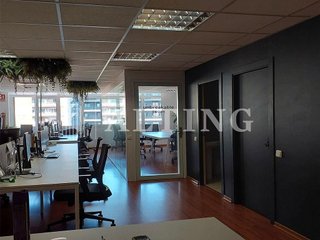 Oficina en alquiler en La Bordeta en Barcelona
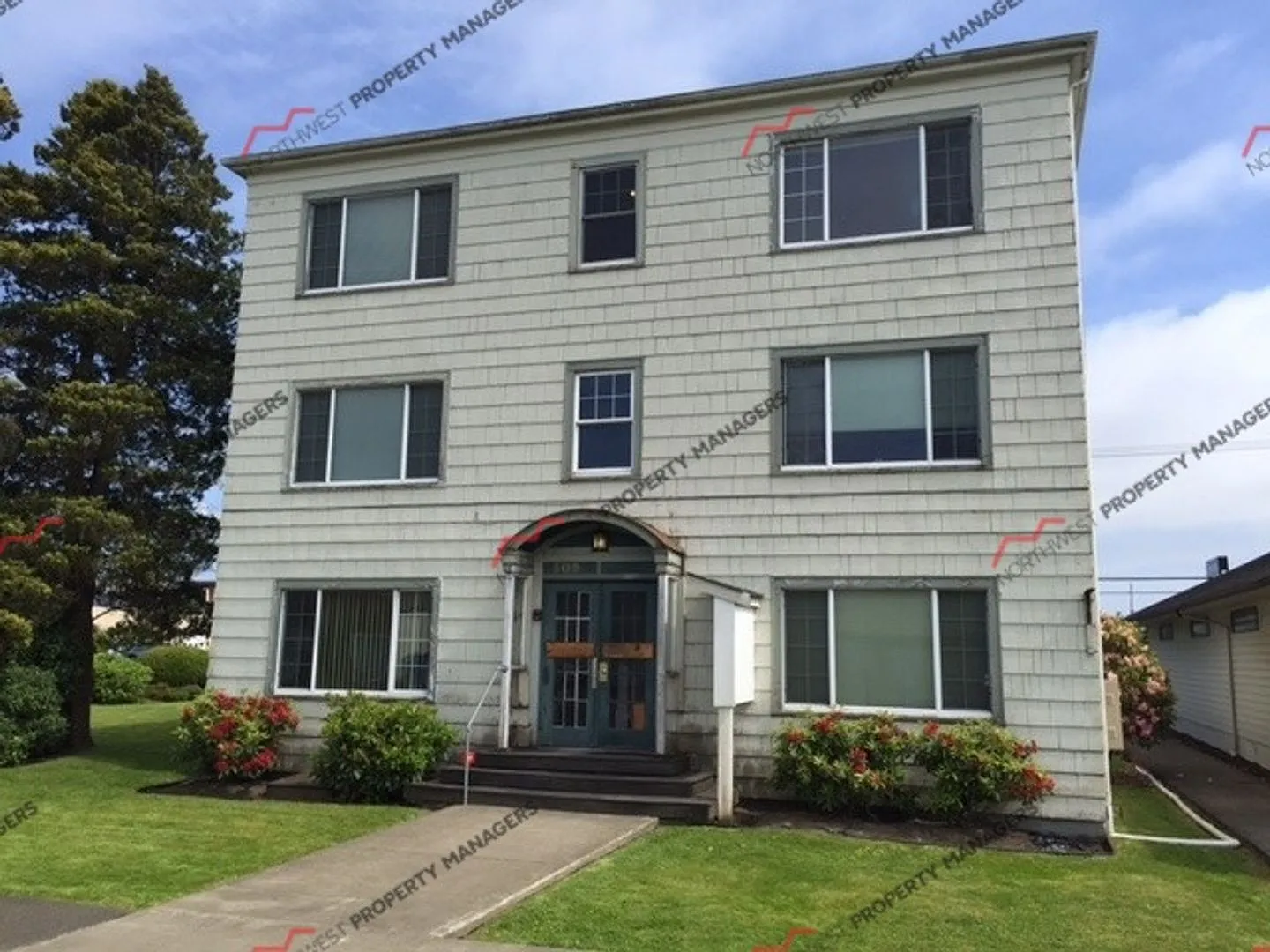 r42 Market Street Apartments — Photo 1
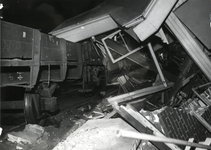 807599 Afbeelding van het door een ontspoorde goederentrein vernielde seinhuis Post R op het goederenemplacement te ...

• **EXERCISE DETAILS**: Starting at the line that contains "r42 Market Street Apartments — Photo 1" and ending at the final line of the data, reproduce each line exactly. Pictures stay out of the copy.

• **EXPECTED OUTPUT**:
 r42 Market Street Apartments — Photo 1
 807599 Afbeelding van het door een ontspoorde goederentrein vernielde seinhuis Post R op het goederenemplacement te ...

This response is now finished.